Her father nodded and smiled. "Well...all right then." He pushed away from the counter. "Big plans today?"

"I might go for a walk."

"Okay. Let your mother or I know when you leave."

"Fine."

He nodded again, pacified, and then left as he went to go shower away the sweat and grime from his run.

She didn't waste much time thinking about her father's proposal because she knew it was the wrong course of action. Once upon a time, Hadley wouldn't have minded working at the shop. In years' past, she normally did work there part-time in the summer. Now, she wasn't even sure if she even wanted to surf again. There were too many painful memories affiliated with the sport. She hadn't been in the water since the day she'd gotten pounded and nearly drowned.

In a way, Hadley supposed she could pick something new. Say goodbye to the past and complete Tanner's seventh challenge in one straight shot.
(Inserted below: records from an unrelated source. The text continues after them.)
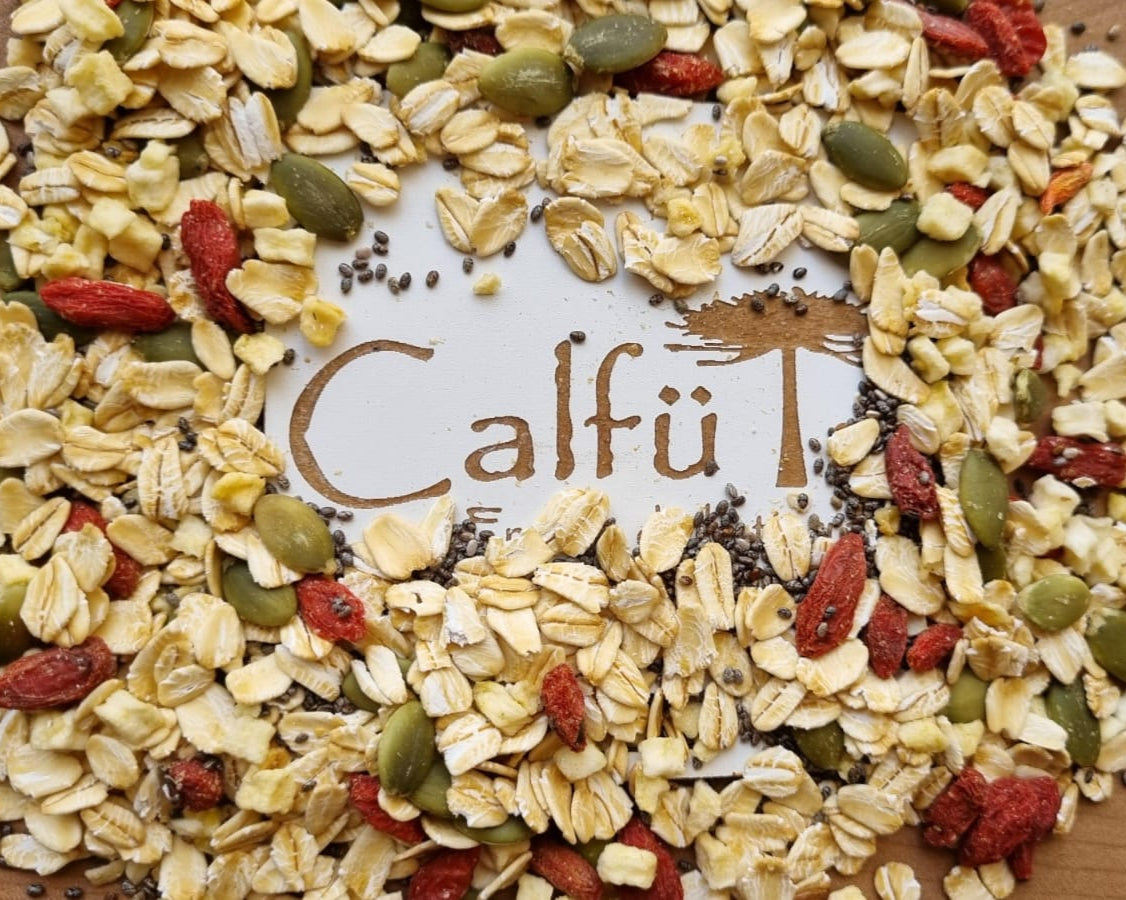Mix Avena Goji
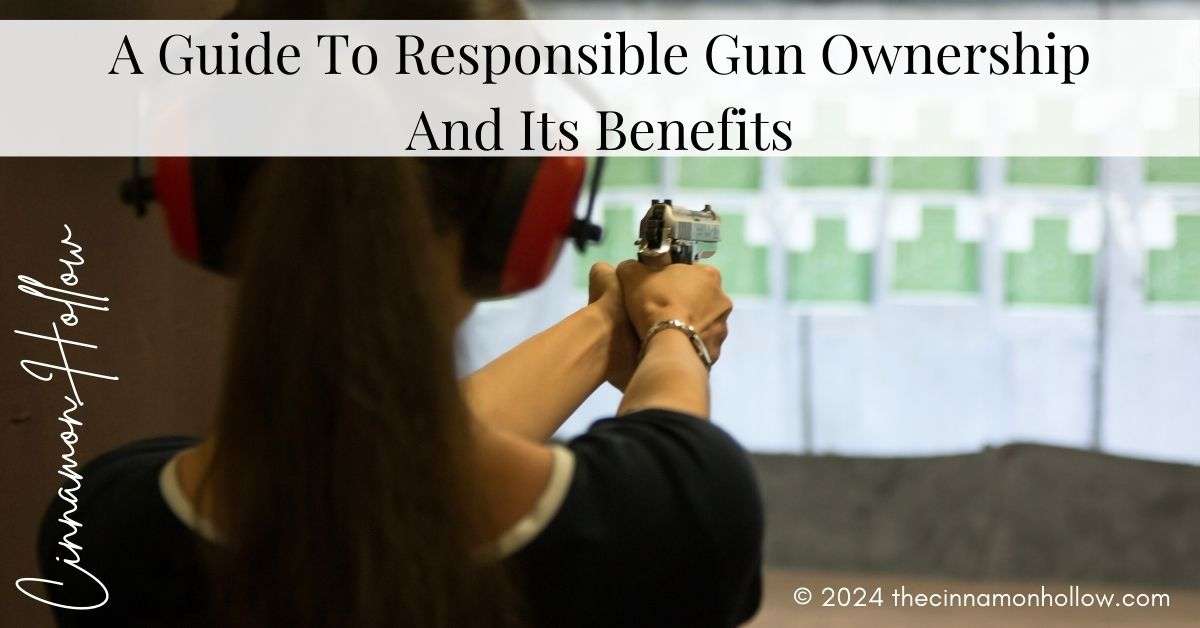 responsible gun ownership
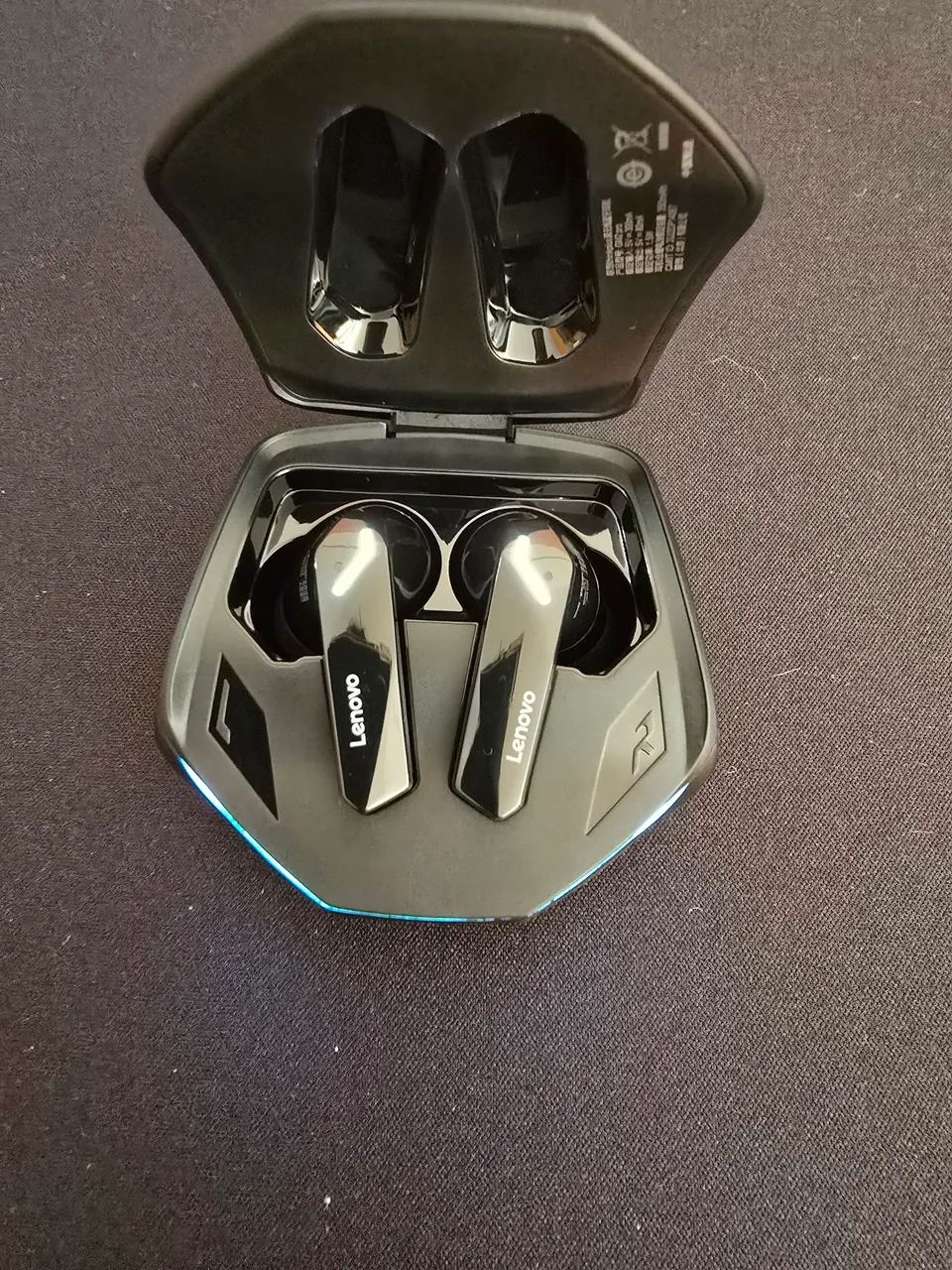 Fone Bluetooth Lenovo GM2 Pro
The issue was that Hadley couldn't think of anything new to start. The more she sat, the less inspiration she had and so she went to her room to retrieve the scrapbook and stepped out onto the deck.

For the better part of the next hour, Hadley catalogued her last few challenges. She pasted in the photograph of her camping gear and the constellations from when she'd camped on the beach and another from the following day when she'd gotten ice cream with Ty and his brother.

She had managed to sneak a photograph of the two of them for her documenting. It was a candid shot, nothing posed or awkwardly set. Ty had flung a scoop of ice cream at Penn that had subsequently dripped down the younger boy's nose. The photograph was of the moment that followed: Ty laughing and rustling his brother's hair as Penn tried to smash his ice cream cone into Ty's face—a playful glare marring his expression.